Für den Herbst hat Justizminister Josef Moser (ÖVP) nun einen neuen Anlauf zur „Kompetenzbereinigung“zwischen Bund und Ländern angekündigt. Dabei soll es zu einer Verfassungsänderung kommen: Derzeit erlässt der Bund in manchen Bereichen – etwa bei der Mindestsicherung oder im Elektrizitätswesen – „Grundsatzgesetze“, die dann von den Ländern mit „Ausführungsgesetzen“konkretisiert werden. Künftig sollen die Kompetenzen einfach aufge- teilt werden. Über diese Hintertür scheint sich die Bundesregierung mehr Einfluss sichern zu wollen. Details zeichnen sich ab:
Bezirksgerichte
In einem ersten Schritt hat Moser vorgeschlagen, die Kinder- und Jugendhilfe an die Länder abzutreten. Sie sollen dafür ihr Vetorecht bei der Zusammenlegung von Bezirksgerichten verlieren. Beide Vorhaben waren bereits in Begutachtung und zogen zum Teil heftige Kritik nach sich. Die Länder wollen bei den Gerichten weiterhin mitreden. Und bei der Jugendhilfe gibt es innerhalb des ÖVP-Regierungsteams einen Konflikt: Familienministerin Juliane Bogner-Strauß gefallen Mosers Pläne nämlich ganz und gar nicht.
Gesundheit
Die Spitäler sollen zur Bundeskompetenz werden. Das hat wohl auch mit den vorgegebenen Sparmaßnahmen für die AUVA zu tun. Laut kolportierten Plänen sollen AUVA-Häuser ausgegliedert werden.
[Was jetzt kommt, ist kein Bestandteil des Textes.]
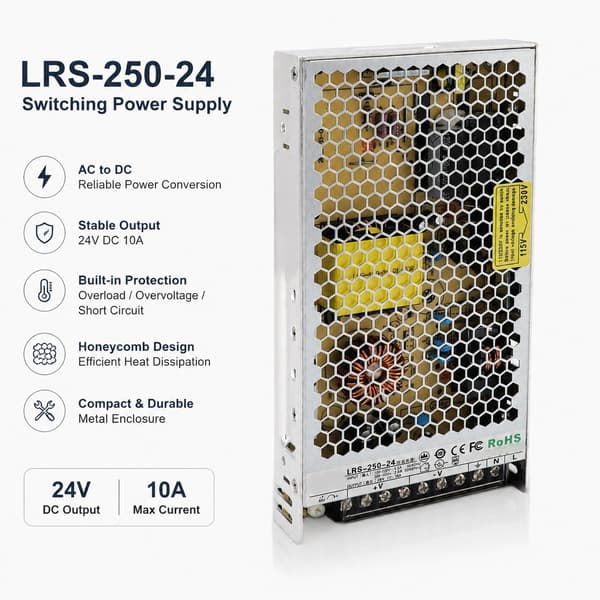 24V strömförsörjningsadapter, 100-240V, för LED-vägglampa, magnetventilssensor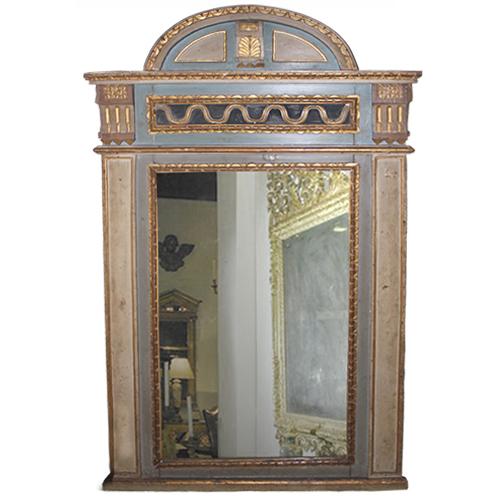 An Understated 18th Century Italian Neoclassical Parcel Gilt and Polychrome Domed Pediment Mirror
Dass die Länder sie übernehmen müssen, ist wahrscheinlich – sie wehren sich präventiv. Zählten die Spitäler zur Bundeskompetenz, könnten die Widerstände überwunden werden. Bei der Reform der Sozialversicherungen soll die Länderkompetenz ebenfalls beschnitten werden.
Mindestsicherung
Da die Sozialhilfe Ländersache ist, gibt es derzeit neun Regelungen. Türkis-Blau hat eine bundesweite Lösung angekündigt. Sozialministerin Beate Hartinger-Klein (FPÖ) arbeitet darum gerade an einem Grundsatzgesetz, das den Ländern auch Spielraum lässt. Ein Widerspruch, denn Justizminister Moser (ÖVP) will genau diese Grundsatzgesetze abschaffen.
Kindergärten
Ein Kräftemessen zwischen Bund und Ländern findet derzeit auch im Kindergartenbereich statt. Hier geht es vorrangig ums Geld. Für die Kinderbetreuung will die Regierung den Ländern künftig pro Jahr 30 Millionen Euro weniger geben. Die Mittelvergabe wird außerdem an strengere Regeln geknüpft. Der Bund fordert von den Ländern etwa mit Blick auf die Ausbildung des Personals sowie auf die Sprachförderung mehr Qualität ein.
Reaktionen
Den Kindergärtenplänen wurde bereits eine Abfuhr erteilt. Der Vorstoß Mosers, Kompetenzen in Richtung Bund zu verschieben, stieß ebenso auf Kritik: „Die Regierung fürchtet wohl Verhandlungstische“, so Kärntens Landeschef, Peter Kaiser (SPÖ). Man werde die Kompetenzverteilung nicht über die Medien „entwickeln“, hieß es aus dem Büro von Niederösterreichs Johanna Mikl-Leitner (ÖVP). Die Länder seien zwar prinzipiell für eine Kompetenzbereinigung, Details müsse aber eine Bund-Länder-Arbeitsgruppe klären.
Der Bund muss auch mit der Opposition verhandeln: Denn für Mosers Pläne wird eine Verfassungsmehrheit ebenso benötigt wie die Stimmen der SPÖ im Bundesrat.